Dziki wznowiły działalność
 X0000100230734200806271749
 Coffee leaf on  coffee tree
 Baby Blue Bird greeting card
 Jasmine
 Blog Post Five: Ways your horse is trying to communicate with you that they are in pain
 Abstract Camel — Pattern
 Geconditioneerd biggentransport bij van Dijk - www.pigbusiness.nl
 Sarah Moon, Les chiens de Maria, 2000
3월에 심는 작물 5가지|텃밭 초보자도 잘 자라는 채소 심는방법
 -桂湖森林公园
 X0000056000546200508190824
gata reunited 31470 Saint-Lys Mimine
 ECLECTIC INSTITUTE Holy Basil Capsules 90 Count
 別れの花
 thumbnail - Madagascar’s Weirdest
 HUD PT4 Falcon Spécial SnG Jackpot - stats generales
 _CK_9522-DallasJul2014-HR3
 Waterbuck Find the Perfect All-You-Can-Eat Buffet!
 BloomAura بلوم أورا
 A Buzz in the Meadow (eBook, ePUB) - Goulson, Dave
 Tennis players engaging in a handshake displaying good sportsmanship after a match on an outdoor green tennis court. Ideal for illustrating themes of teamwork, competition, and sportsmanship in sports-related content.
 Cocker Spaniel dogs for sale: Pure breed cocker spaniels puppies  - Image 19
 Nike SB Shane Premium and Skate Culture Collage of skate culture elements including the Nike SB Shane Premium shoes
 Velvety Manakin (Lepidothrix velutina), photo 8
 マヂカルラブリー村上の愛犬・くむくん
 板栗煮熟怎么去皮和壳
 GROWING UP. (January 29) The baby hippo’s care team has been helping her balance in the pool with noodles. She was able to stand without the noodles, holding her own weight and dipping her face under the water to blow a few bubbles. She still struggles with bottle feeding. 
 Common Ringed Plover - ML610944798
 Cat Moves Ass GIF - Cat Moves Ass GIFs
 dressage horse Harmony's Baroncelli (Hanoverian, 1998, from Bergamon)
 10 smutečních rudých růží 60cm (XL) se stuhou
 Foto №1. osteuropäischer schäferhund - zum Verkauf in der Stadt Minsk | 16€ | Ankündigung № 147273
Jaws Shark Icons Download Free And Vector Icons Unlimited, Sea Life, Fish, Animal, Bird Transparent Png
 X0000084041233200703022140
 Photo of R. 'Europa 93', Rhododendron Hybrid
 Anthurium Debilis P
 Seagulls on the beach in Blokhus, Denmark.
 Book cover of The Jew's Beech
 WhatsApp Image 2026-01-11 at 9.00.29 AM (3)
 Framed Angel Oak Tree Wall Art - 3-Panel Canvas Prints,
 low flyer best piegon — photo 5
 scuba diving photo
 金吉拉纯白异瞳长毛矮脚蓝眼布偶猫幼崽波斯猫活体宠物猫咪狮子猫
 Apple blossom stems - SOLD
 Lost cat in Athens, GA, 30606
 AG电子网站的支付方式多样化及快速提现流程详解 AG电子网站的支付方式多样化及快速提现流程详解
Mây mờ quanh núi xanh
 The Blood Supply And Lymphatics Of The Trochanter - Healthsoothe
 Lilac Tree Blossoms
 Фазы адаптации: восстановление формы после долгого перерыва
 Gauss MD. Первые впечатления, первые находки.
—————
*YOUR GOAL*: Write out the whole listing exactly.

*RESULT BELOW*:
Dziki wznowiły działalność
 X0000100230734200806271749
 Coffee leaf on  coffee tree
 Baby Blue Bird greeting card
 Jasmine
 Blog Post Five: Ways your horse is trying to communicate with you that they are in pain
 Abstract Camel — Pattern
 Geconditioneerd biggentransport bij van Dijk - www.pigbusiness.nl
 Sarah Moon, Les chiens de Maria, 2000
3월에 심는 작물 5가지|텃밭 초보자도 잘 자라는 채소 심는방법
 -桂湖森林公园
 X0000056000546200508190824
gata reunited 31470 Saint-Lys Mimine
 ECLECTIC INSTITUTE Holy Basil Capsules 90 Count
 別れの花
 thumbnail - Madagascar’s Weirdest
 HUD PT4 Falcon Spécial SnG Jackpot - stats generales
 _CK_9522-DallasJul2014-HR3
 Waterbuck Find the Perfect All-You-Can-Eat Buffet!
 BloomAura بلوم أورا
 A Buzz in the Meadow (eBook, ePUB) - Goulson, Dave
 Tennis players engaging in a handshake displaying good sportsmanship after a match on an outdoor green tennis court. Ideal for illustrating themes of teamwork, competition, and sportsmanship in sports-related content.
 Cocker Spaniel dogs for sale: Pure breed cocker spaniels puppies  - Image 19
 Nike SB Shane Premium and Skate Culture Collage of skate culture elements including the Nike SB Shane Premium shoes
 Velvety Manakin (Lepidothrix velutina), photo 8
 マヂカルラブリー村上の愛犬・くむくん
 板栗煮熟怎么去皮和壳
 GROWING UP. (January 29) The baby hippo’s care team has been helping her balance in the pool with noodles. She was able to stand without the noodles, holding her own weight and dipping her face under the water to blow a few bubbles. She still struggles with bottle feeding. 
 Common Ringed Plover - ML610944798
 Cat Moves Ass GIF - Cat Moves Ass GIFs
 dressage horse Harmony's Baroncelli (Hanoverian, 1998, from Bergamon)
 10 smutečních rudých růží 60cm (XL) se stuhou
 Foto №1. osteuropäischer schäferhund - zum Verkauf in der Stadt Minsk | 16€ | Ankündigung № 147273
Jaws Shark Icons Download Free And Vector Icons Unlimited, Sea Life, Fish, Animal, Bird Transparent Png
 X0000084041233200703022140
 Photo of R. 'Europa 93', Rhododendron Hybrid
 Anthurium Debilis P
 Seagulls on the beach in Blokhus, Denmark.
 Book cover of The Jew's Beech
 WhatsApp Image 2026-01-11 at 9.00.29 AM (3)
 Framed Angel Oak Tree Wall Art - 3-Panel Canvas Prints,
 low flyer best piegon — photo 5
 scuba diving photo
 金吉拉纯白异瞳长毛矮脚蓝眼布偶猫幼崽波斯猫活体宠物猫咪狮子猫
 Apple blossom stems - SOLD
 Lost cat in Athens, GA, 30606
 AG电子网站的支付方式多样化及快速提现流程详解 AG电子网站的支付方式多样化及快速提现流程详解
Mây mờ quanh núi xanh
 The Blood Supply And Lymphatics Of The Trochanter - Healthsoothe
 Lilac Tree Blossoms
 Фазы адаптации: восстановление формы после долгого перерыва
 Gauss MD. Первые впечатления, первые находки.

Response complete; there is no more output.